Significant time has been spent contemplating what impact the Murdaugh family empire and its multi-generations of legal and political prowess would have on how jurors assessed the evidence in the murder trial of Alex Murdaugh. At the start of jury selection, many observers, analysts and reporters understandably wondered whether jurors could be fair despite experiences with and attitudes of the all-powerful hometown family. Was a prospective juror ever personally or vicariously represented (or prosecuted) by a Murdaugh family member? Other than the legal realm, did a potential juror ever attend a social event hosted by any of the Murdaughs? No doubt word travels at the speed of light in this small southern town. Did any of the jurors “know” something about Mr. Murdaugh? These concerns were all based on whether something in a potential juror’s past could influence his or her ability to be a fair, impartial and open-minded juror. But what about whether the future could affect a juror’s ability to fairly render justice in a case involving two murder victims and a “famous” father accused of murdering them both?  
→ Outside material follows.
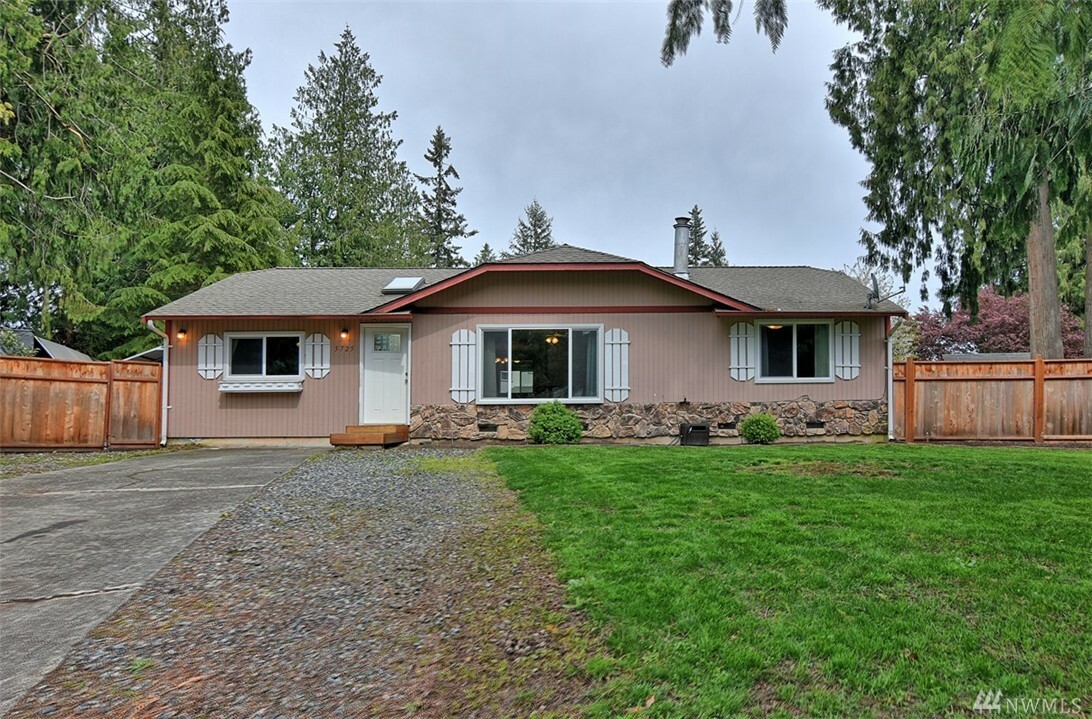 Property Photo:  5725 145th St NE  WA 98271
We often wonder when a member of the mafia or gang member is on trial, whether fear of retribution could influence a juror’s fitness to serve by introducing potential considerations of the consequences of a conviction. Conversely, defense lawyers and their clients in similar cases could also worry that a juror would have a difficult time in their respective community if they handed down an acquittal and “freed” a violent defendant. The names of jurors are often kept anonymous in such cases. In the Alex Murdaugh trial, with a county of just south of 40,000 and the city consisting of barely 5,000 people, these jurors are well known in the communities they live in and their jury service is hardly a secret.  

Will any of the jurors be guided by thinking that a conviction could spark a vengeance-based backlash by some of the powerful defendant’s allies? On the other hand, are any jurors disproportionally concerned about telling their neighbors that they stood in the way of putting Mr. Murdaugh away for the rest of his life? The made-for-TV (or Twitter) answers would be yes, but in all likelihood the answer is no. 
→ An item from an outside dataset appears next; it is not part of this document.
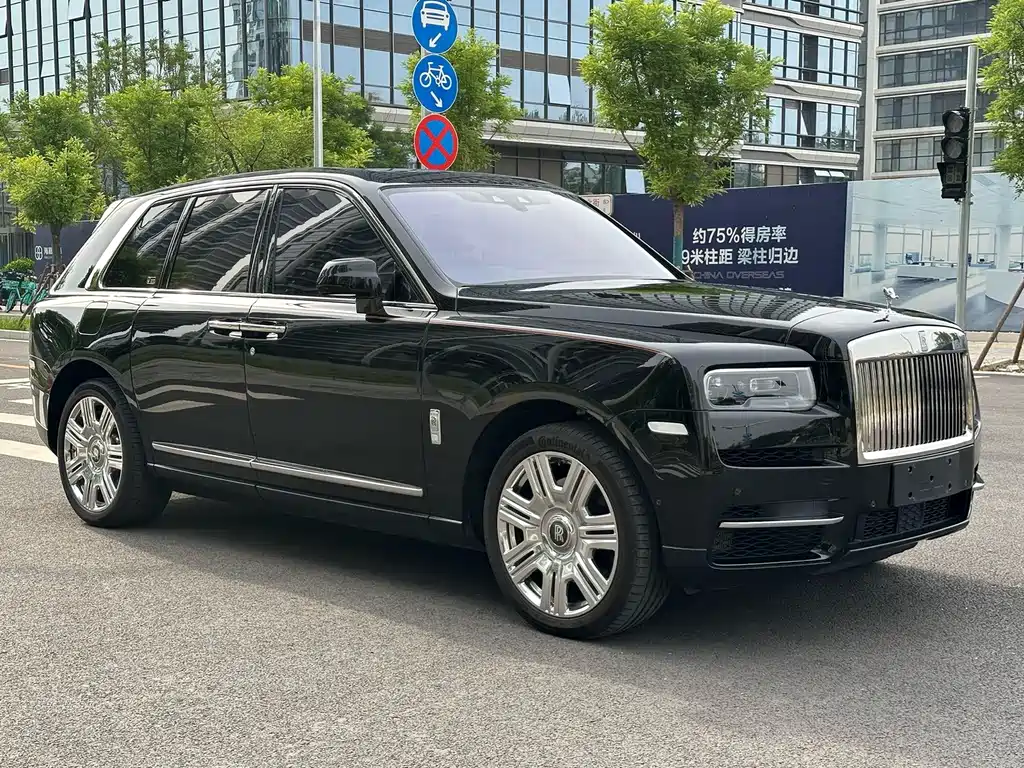 Rolls-Royce Cullinan 2018 мест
The government prosecutors and witnesses consist of eminent citizens of the State of South Carolina. With each passing day during the State’s case, jurors saw local members of the Palmetto state establishment indicating that Alex Murdaugh is a killer. And scores of law enforcement officials are on team prosecution. As the prosecution laid out its narrative, it offered evidence that they hoped would empower jurors to accept it is not only okay to convict Mr. Murdaugh but it is necessary. Similarly, the defense is doing its best to make jurors feel psychologically comfortable rendering a not-guilty verdict. The world will go on with an acquittal, and letting Mr. Murdaugh walk is a potential result that the defense is giving legitimacy to.
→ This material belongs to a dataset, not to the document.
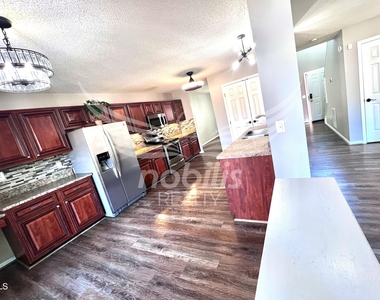 803 Yorkshire Drive - Photo Thumbnail 4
Jurors strive to get the right decision, and are able to compartmentalize “extra-legal” factors. Each result, guilty or not guilty, has become more and more normalized with each passing day in court. Jurors are not concerned about how their verdict will play in the tiny town of Walterboro, or whether their verdict will either help tarnish or glorify the Murdaugh family name. When deliberations commence, they will be focused on the law, and whether the State proved beyond a reasonable doubt that Mr. Murdaugh violated it.